Giovanni Arrighi: La Germania imperiale

[Nel fondamentale studio di Giovanni Arrighi Il lungo XX secolo (Il Saggiatore 1996), che ricostruisce la storia del capitalismo dalle sue origini nell’Italia del XIV secolo al presente, la Germania occupa una posizione assolutamente marginale. Nella sua periodizzazione, basata sul succedersi di quattro ‘cicli sistemici di accumulazione’ del capitale (genovese nel XV-XVI secolo, olandese nel XVII-XVIII, britannico nel XIX e statunitense nel XX), essa compare soltanto verso la fine del periodo egemonizzato dalla Gran Bretagna, per svolgervi il ruolo storico di «contromovimento protezionista», in antitesi dialettica a quello britannico del libero scambio. Il giudizio sugli esiti di questa scelta è impietoso. Sono poche pagine (87 e 347-351), ma illuminanti per comprendere i fondamenti strutturali (globali) sui quali si sviluppa la cultura tedesca di fine Ottocento e inizio Novecento. In generale mi sembra che la periodizzazione di Arrighi sia di grande utilità nella prospettiva di una storia globale (e non più nazionale) delle letterature. Va da sé che il brano che segue non dà che una pallida idea del contenuto del volume e dei risultati del metodo di Arrighi. M.S.]

Giovanni Arrighi

Il Regno Unito esercitò le funzioni di governo mondiale fino alla fine del XIX secolo. Dal 1870 in avanti, tuttavia, esso cominciò a perdere il controllo dell’equilibrio di potere europeo, e di lì a poco anche dell’equilibrio di potere globale. In entrambi i casi, l’ascesa della Germania allo status di potenza mondiale costituì lo sviluppo decisivo (Kennedy 1993, pp. 209-13).

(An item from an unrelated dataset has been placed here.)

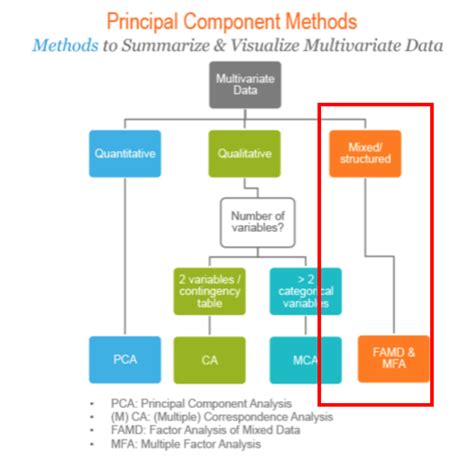 Dimlift Interactive Hierarchical Data Exploration Through Dimensional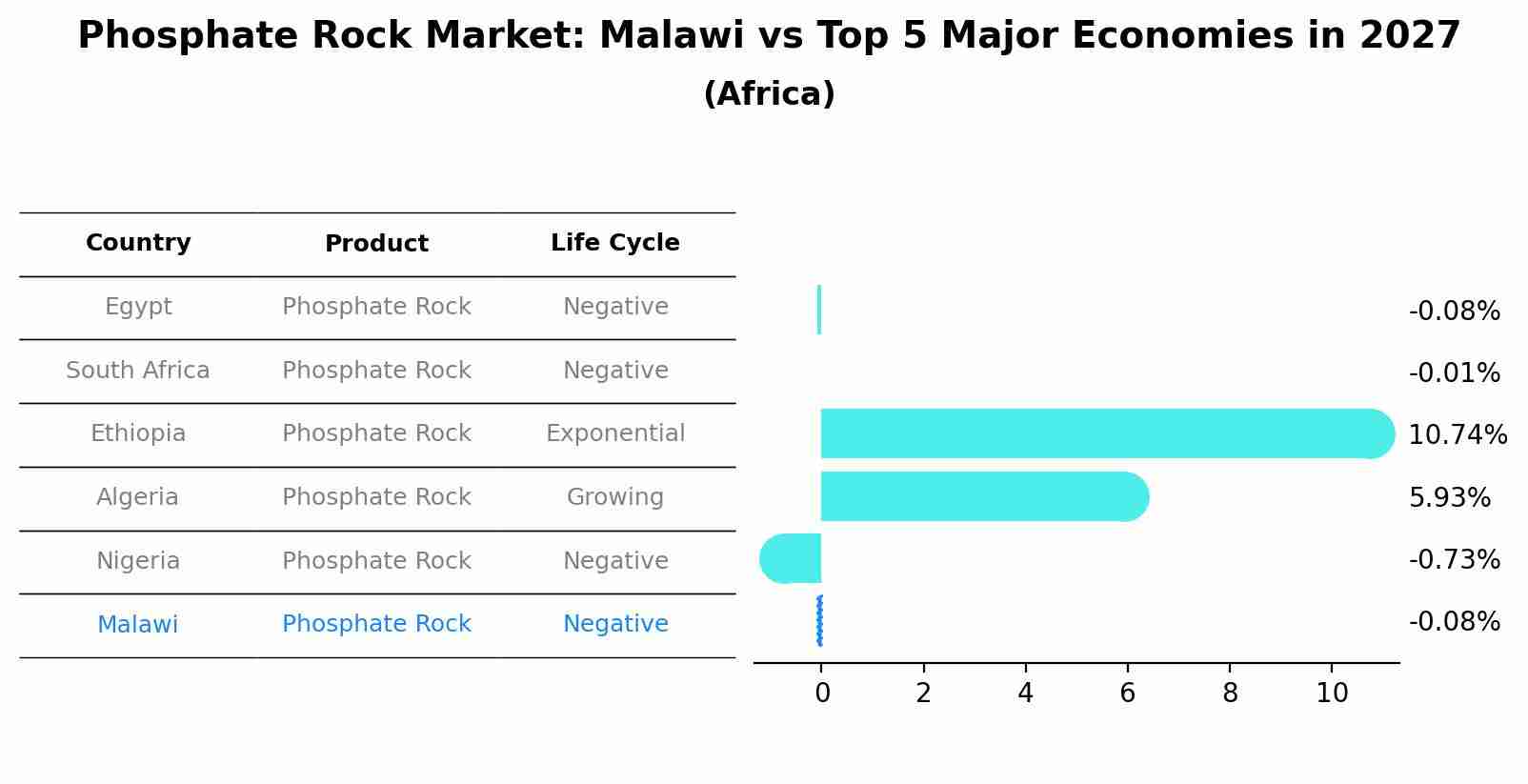 Phosphate Rock Market: Malawi vs Top 5 Major Economies in 2027 (Africa)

Al tempo stesso, la capacità del Regno Unito di occupare il centro dell’economia-mondo capitalistica veniva indebolita dall’emergere di una nuova economia nazionale dotata di ricchezza, di dimensioni e di risorse maggiori delle sue. Si trattava degli Stati Uniti, che si svilupparono in una sorta di «buco nero» dotato di potere di attrazione nei confronti del lavoro, del capitale e dell’imprenditorialità europei, e con cui il Regno Unito, per non parlare degli stati meno ricchi e meno potenti, aveva poche possibilità di competere. La sfida tedesca e quella statunitense al potere mondiale britannico si rafforzarono a vicenda, compromisero la capacità della Gran Bretagna di governare il sistema interstatale e portarono infine a una nuova lotta per la supremazia mondiale di una violenza e una ferocia senza precedenti. […]

L’epicentro del contromovimento protezionista si localizzò nella Germania imperiale, costituita di recente. Quando la caduta dei prezzi del 1873-79 vi fece sentire i suoi effetti, il cancelliere Bismarck credeva nei poteri autoregolatori dei meccanismi di mercato in modo altrettanto fermo di tutti i suoi contemporanei. Inizialmente egli trovò consolazione nella portata mondiale della depressione e aspettò pazientemente che la caduta dei prezzi raggiungesse il suo punto più basso. Quando tuttavia, nel 1876-77, ciò avvenne, egli si rese conto che il verdetto del mercato sull’autosufficienza dello stato e della società tedeschi era troppo severo per essere accettato e che, inoltre, la caduta dei prezzi aveva creato opportunità uniche per la prosecuzione con altri mezzi dei suoi sforzi diretti alla formazione dello stato.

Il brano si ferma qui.